Monday, April 6, 2009

Getting back to the story

As authors we have so many different things we need to do. We need to be marketers, writers, business people...not to mention our personal lives. Today I want to talk a bit about getting back to the story.

What do I mean by that?

I'm talking about what we do when we've spent a great deal of time working on the business side of our business and not as much on the actual creative writing. I find that I go in cycles where I'll write a few thousand words a week, then I can go a week or two without working on my fiction. During that time I've written articles, countless blogs, emails, content for clients and proposals for projects...but not fiction.

So how to we get back in to that mode?

I've heard a few different tips that have worked for me with varying degrees of success. See what helps you get back in to your story. I do have ONE word of caution-try to resist the urge to do too much editing!! I find that many times, especially if I choose the first option, that many times I'll end up spending so much time editing what I've done that I get no meaningful writing done. Avoid this temptation.

1. Reread the previous scene to see where you were in the story and get a feel for the character voices.
2. Look through your outline and notes you've made.
3. Listen to a few of the songs that are "theme music" for either the character or the manuscript. I tend to listen to 80s love ballads [Air Supply, Journey] when I'm working on the romantic elements of a story. I listen to 80s/90s metal when I'm working on intense scenes or the bad guy. When I'm working on tying up the loose ends of a story in the concluding chapters I love to listen to Natalie Grant and Nicole Nordeman.
4. Spend the 24 hours leading up to the writing playing scenes from your story in your mind. Let the characters chat with each other. Imagine them in various predicaments and see how you can make them WORSE...then how they can escape.
5. Think about a great book you read recently and try to think of ONE thing that really impacted you.
6. Read the opening of 5-6 books [or chapter openings of a few books] and see what it was about the verbiage that grabbed you.

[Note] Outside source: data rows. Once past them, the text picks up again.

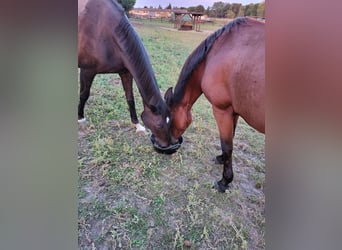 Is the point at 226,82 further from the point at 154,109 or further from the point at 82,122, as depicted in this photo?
the point at 82,122

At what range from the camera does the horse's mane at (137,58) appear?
3.16 feet

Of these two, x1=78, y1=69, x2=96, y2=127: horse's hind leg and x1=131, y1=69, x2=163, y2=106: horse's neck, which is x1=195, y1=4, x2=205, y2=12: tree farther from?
x1=78, y1=69, x2=96, y2=127: horse's hind leg

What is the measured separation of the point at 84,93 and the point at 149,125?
26cm

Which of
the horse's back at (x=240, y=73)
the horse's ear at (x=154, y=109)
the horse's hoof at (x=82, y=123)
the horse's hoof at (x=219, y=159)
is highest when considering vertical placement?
the horse's back at (x=240, y=73)

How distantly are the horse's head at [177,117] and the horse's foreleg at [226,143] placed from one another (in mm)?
125

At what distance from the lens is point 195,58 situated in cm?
100

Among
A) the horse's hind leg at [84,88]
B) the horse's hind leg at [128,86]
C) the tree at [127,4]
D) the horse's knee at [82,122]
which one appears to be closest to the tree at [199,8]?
the tree at [127,4]

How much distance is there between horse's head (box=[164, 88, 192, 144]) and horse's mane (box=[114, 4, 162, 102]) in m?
0.04

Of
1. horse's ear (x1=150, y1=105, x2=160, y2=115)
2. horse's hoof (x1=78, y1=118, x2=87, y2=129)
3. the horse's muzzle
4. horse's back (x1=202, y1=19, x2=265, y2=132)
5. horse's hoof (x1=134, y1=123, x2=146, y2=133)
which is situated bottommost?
the horse's muzzle

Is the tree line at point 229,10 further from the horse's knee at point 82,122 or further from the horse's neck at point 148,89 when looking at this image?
the horse's knee at point 82,122

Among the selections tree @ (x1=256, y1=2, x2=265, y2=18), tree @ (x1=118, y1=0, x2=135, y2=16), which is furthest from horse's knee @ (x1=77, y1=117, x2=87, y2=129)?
tree @ (x1=256, y1=2, x2=265, y2=18)

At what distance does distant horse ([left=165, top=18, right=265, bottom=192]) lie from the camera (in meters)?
0.89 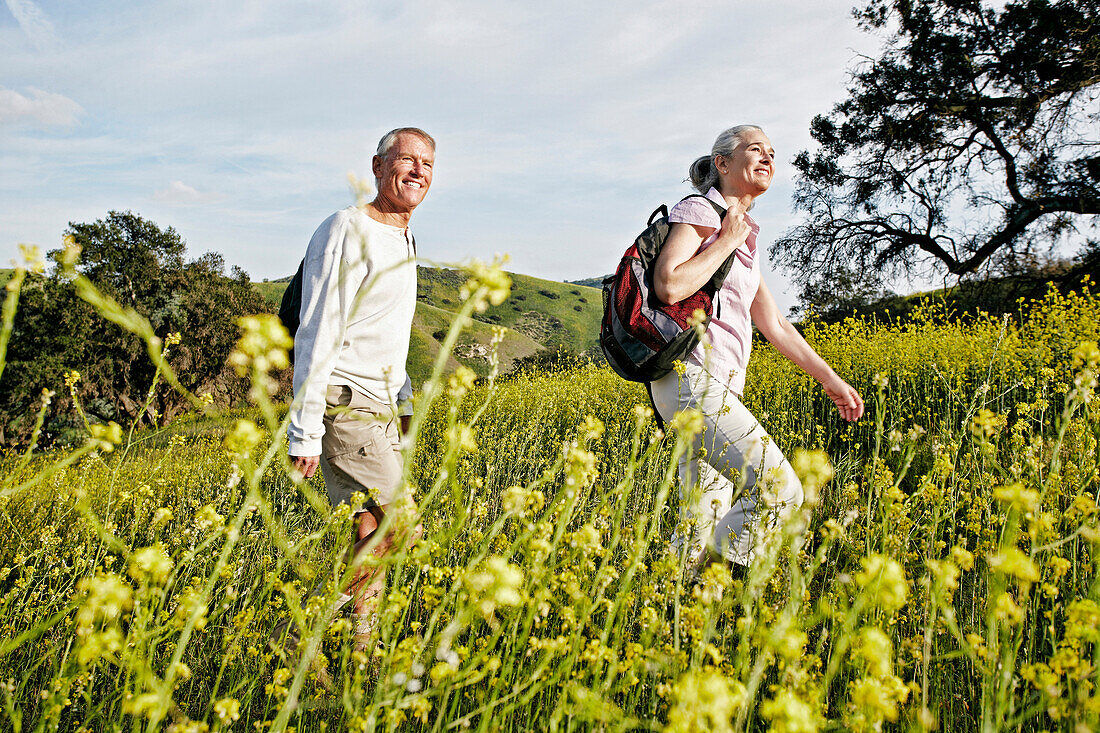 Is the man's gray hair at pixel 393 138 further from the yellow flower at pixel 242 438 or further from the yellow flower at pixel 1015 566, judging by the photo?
the yellow flower at pixel 1015 566

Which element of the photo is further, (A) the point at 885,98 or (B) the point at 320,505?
(A) the point at 885,98

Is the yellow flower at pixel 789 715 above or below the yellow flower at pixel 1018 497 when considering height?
below

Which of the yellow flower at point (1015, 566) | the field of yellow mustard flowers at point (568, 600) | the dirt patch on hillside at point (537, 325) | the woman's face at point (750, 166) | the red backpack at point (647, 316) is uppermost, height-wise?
the dirt patch on hillside at point (537, 325)

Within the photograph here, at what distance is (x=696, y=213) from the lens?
2488mm

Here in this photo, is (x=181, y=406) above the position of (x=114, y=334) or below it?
below

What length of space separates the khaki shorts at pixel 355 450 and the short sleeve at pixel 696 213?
1.40 m

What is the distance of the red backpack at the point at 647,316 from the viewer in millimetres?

Maybe you have other things that help-share them with us. If not, use some of these. I usually use each of these at various stages of each book. They help me get focused on the creativity needed to have great craft.

Tiffany Colter is a writer, speaker and writing career coach who works with beginner to published writers. She can be reached through her website at www.WritingCareerCoach.com
Learn more about Tiffany's Marketing techniques on her main blog.
Common-sense money management is free at The Balanced Life website.
Read Tiffany's award winning manuscript "A Face in the Shadow" on her fiction blog.
She writes a blog for the Christian writer Tuesdays at Writer's Rest.

1 comment:

Susan J. Reinhardt said...

Hi Tiffany -

What do you do when you're done with the basic writing and HAVE to edit? How do you get motivated to re-work your manuscript for the umpteenth time?